Whether through food laden with pesticide residues, drifting chemicals from agricultural fields or contaminated water and soil, kids’ growing bodies are particularly vulnerable to the impacts of pesticide exposure.

Contrary to what pesticide companies would have us believe, many pesticides are neither essential to farming nor safe for communities and ecosystems. And people in countries across the globe are challenging the use of these chemicals — with PAN by their side.

In harm’s way

When I think about the incident in Bihar, I am deeply saddened. I am also angry. How is it possible that our agricultural system allows the continued use of highly hazardous pesticides? An extensive body of science makes their potential harm clear, and viable alternative farming methods exist. 

While the Indian incident was extreme, children’s are pretty regularly exposed to health-harming pesticides — especially in agricultural areas. For example, in 2014 the California Department of Public Health found that over half a million children in the Central Valley — the agricultural heartland of the state — go to school where hazardous pesticides are applied within a quarter of mile of campus. Of these children, more than 100,000 (mostly Latino) in 226 schools attend classrooms near fields with the heaviest use of dangerous chemicals.
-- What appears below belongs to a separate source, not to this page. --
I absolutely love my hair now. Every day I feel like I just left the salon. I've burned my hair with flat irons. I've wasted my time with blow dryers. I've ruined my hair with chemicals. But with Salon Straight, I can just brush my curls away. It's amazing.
And of the top 10 pesticides most commonly used near schools in California, all have been linked to one or more harmful impacts on children’s health or development — from cancer to reproductive system harms, from IQ loss to neurodevelopmental delays.

Drift happens

Chronic exposure is certainly a concern, and so is high dose or acute exposure. In 2012, a school bus in Kern County, California was accidentally enveloped in pesticides that drifted from a nearby aerial application of the insecticide chlorpyrifos. Of the 30 kids on board, about 20 experienced itching skin, upset stomach and generally felt unwell.
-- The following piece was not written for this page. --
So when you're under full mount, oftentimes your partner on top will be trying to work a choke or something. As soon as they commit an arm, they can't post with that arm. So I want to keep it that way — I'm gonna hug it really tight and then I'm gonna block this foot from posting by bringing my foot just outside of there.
This kind of drift incident, from fields where either soil fumigation or crop dusting has occurred, is particularly dangerous and can lead to high exposure for children and local communities. A study published in 2011 found that residents in five agriculture-intensive counties in California had the highest recorded number of illness from pesticide drift — often the result of weather conditions, improper seal of the fumigation site, or the applicator’s carelessness near non-target areas. But fumigants are prone to drift off target even when used according to instructions and in prime conditions.

Drift incidents in Florida and Minnesota also serve to underline one reality: communities in many parts of the world are routinely exposed to agricultural pesticides. And whether through tainted food, drift, or contaminated water and soil, children are particularly vulnerable.

Change on the way

The heartening news is that people around the world are fighting back against pesticide exposure — and winning! In Kerala, India, for instance, a hard fought and hard won ban was achieved against the highly hazardous pesticide endosulfan. 
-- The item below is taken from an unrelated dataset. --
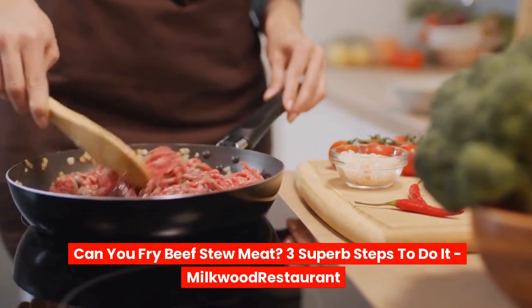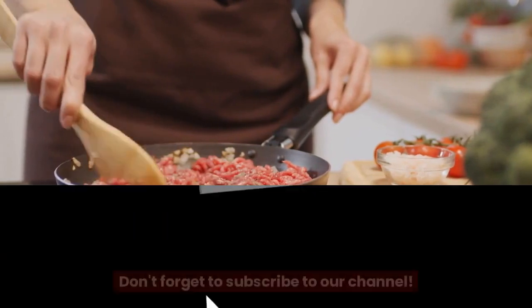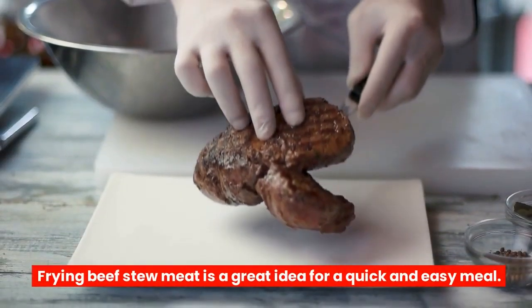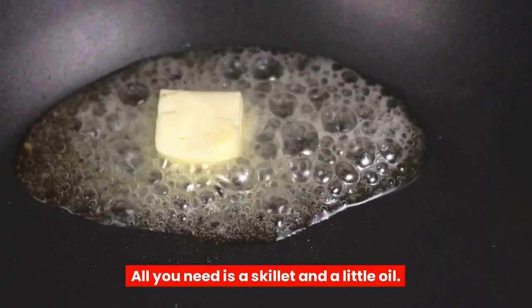Can you fry beef stew meat? Three superb steps to do it. Frying beef stew meat is a great idea for a quick and easy meal. All you need is a skillet and a little oil.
To support the global work to protect children from agricultural pesticides, PAN International launched a campaign last year targeting highly hazardous pesticides. This campaign is focused on the “Terrible Twenty,” pesticides found to be particularly hazardous for children. In this campaign in several countries around the world, PAN and allies are demanding that governments take meaningful action to protect kids. And quickly.

We have stories of hope and resistance right here in the U.S. In Minnesota, where communities face hazards from potato production pesticides, the Toxic Taters Coalition is fighting to protect their families. People in Tulare County, California fought for — and won — pesticide application buffer zones around schools. And bowing to pressure from parents, teachers and concerned community members across the state, the California Department of Pesticide Regulation has renewed focus on regulations to protect school kids from drift.

Just after the second anniversary of the Bihar incident, the children who fell ill and died in India are on my mind — as are the countless children around the globe who have been harmed from pesticides. I am in this fight with many others, as is the rest of PAN, to keep pushing back against pesticide corporations and protecting our children where they live, learn and play. Kids deserve no less.